Bernard Hickey’s open letter to Allan Hubbard

This may be Bernard's best post ever. It should be pinned up on every South Island noticeboard. Some extracts:

Dear Allan Hubbard:

Please say sorry and thanks.

Please say sorry to the taxpayers of and investors in South Canterbury Finance who now have to bear the burden of cleaning up your mess.

Please say thanks to the Finance Minister , Prime Minister John Key and the millions of taxpayers who are now having to pay for your mistakes.

Please say sorry to the South Canterbury Finance preference share holders who have lost all of the NZ$120 million they invested with you on the strength of your reputation.

Please take responsibilty for the mess created by the boom and now bust of the South Island's largest financial institution.

Please appear in public yourself to answer questions about what happened at South Canterbury Finance.

Please don't leave it up to your wife Jean, your PR advisors and your supporters to defend you in public. Please understand the scale of the damage done or your role in it.

Please be the humble man who does not shirk responsibility and cares deeply about your community that you are reputed to be.

Please don't publicly attack the government, the Statutory Manager, your fellow directors and anyone else who criticises you and then refuse to answer questions in public.

Please show some humility and some concern for the wider community. Please don't be more worried about your reputation than the impact on the business community or the public accounts of the nation. …

Please explain why you chose to repeatedly lend to related parties of other companies and interests that you either personally owned or controlled.

Please explain why you represented an equity injection in 2009 as a real injection of fresh money when it was nothing more than a merry-go-round of assets for shares.

Please explain why you refused to be interviewed or engage with the financial press in any meaningful way for years.
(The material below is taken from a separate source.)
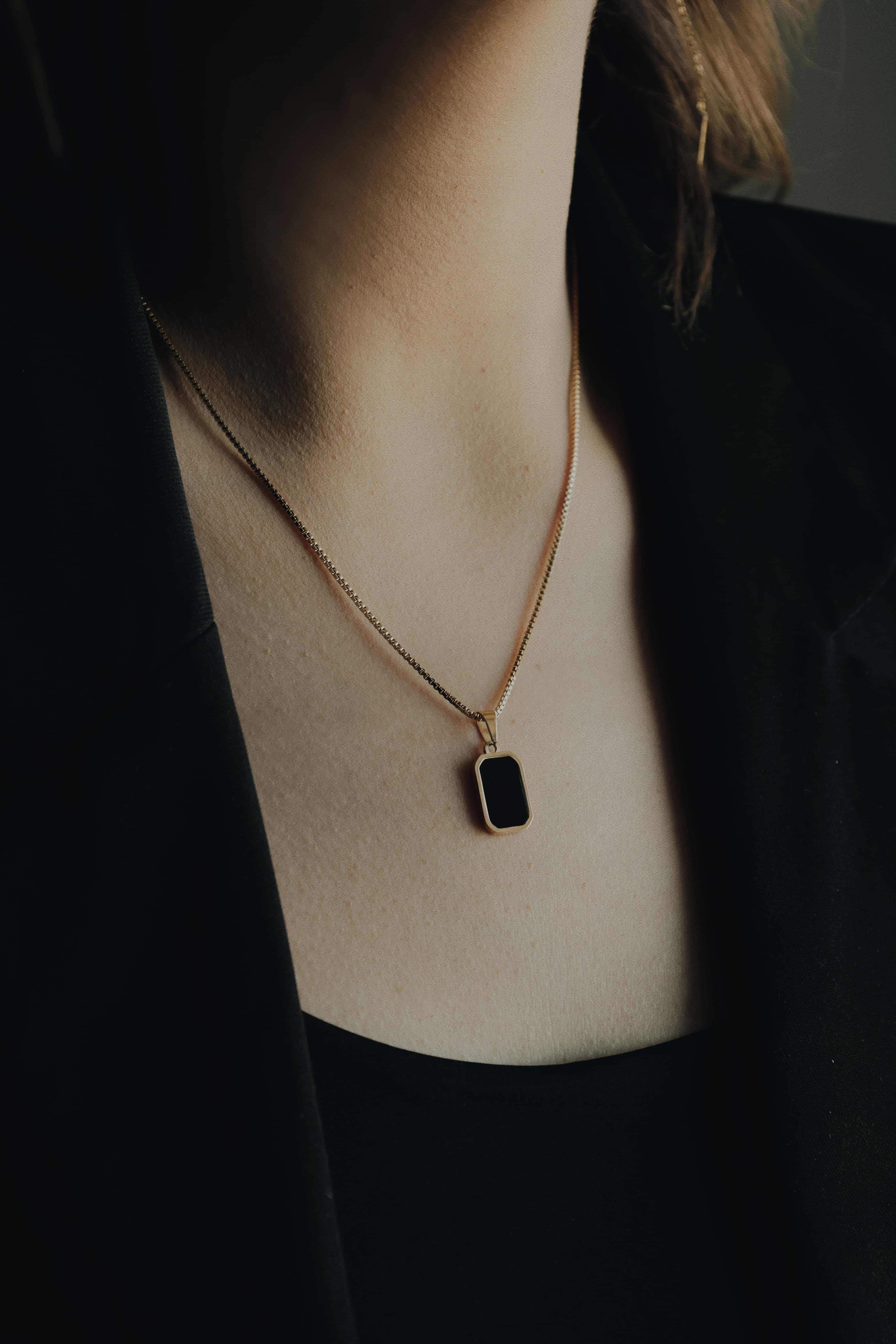 Gold chain and pendant necklace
Please explain why you thought making interest free to young farmers to buy overpriced land was a prudent way to run a business.

Please explain why you chose to run so many businesses yourself without any outside scrutiny. A search of Companies Office records show you were or are a director and/or shareholder in 552 companies. The attached spreadsheet shows there are 1,690 companies registered from your offices at 39 George St, Timaru.

Please say sorry for saying repeatedly that South Canterbury Finance was a ‘heartland' financier of rural businesses when it actually lent more than NZ$100 million to a luxury Auckland hotel redevelopment, the building of townhouses on Paritai Drive in Auckland, as well as to bars in the Viaduct. Please explain why you thought lending money to property developers in Queenstown who were unable to find funding was a good idea.

Please explain why there was so much related party lending between your companies and South Canterbury Finance and why you thought this was OK.

Please explain why you allocated NZ$13 million in to investors in Hubbard Management Funds that Grant Thornton has found in its second report did not exist.

Please explain why you reported to investors in Hubbard Management Funds that you had NZ$6 million in cash on hand when Grant Thornton said you actually had NZ$350,000 in cash.

Please explain why in March this year you had to mortgage your own assets to ensure you had enough cash to pay the interest on investments in Aorangi Securities. Please explain why you thought this was a legitimate thing to do and why you thought you should have been allowed to continue to do it for the entire group without outside scrutiny. …

Please explain why you believe you could say this in June this year and believe it: “I don't believe in the history of New Zealand that any person has acted more honourably than myself”

Most of all Mr Hubbard. Please acknowledge the pain you have caused your investors and the taxpayers of New Zealand.

Please say sorry and thank you.

Regards

Bernard Hickey

I've said it before. Good intentions are not enough. Bernard has forcefully summarised the many unanswered questions, and how all we get in response is attacks on others.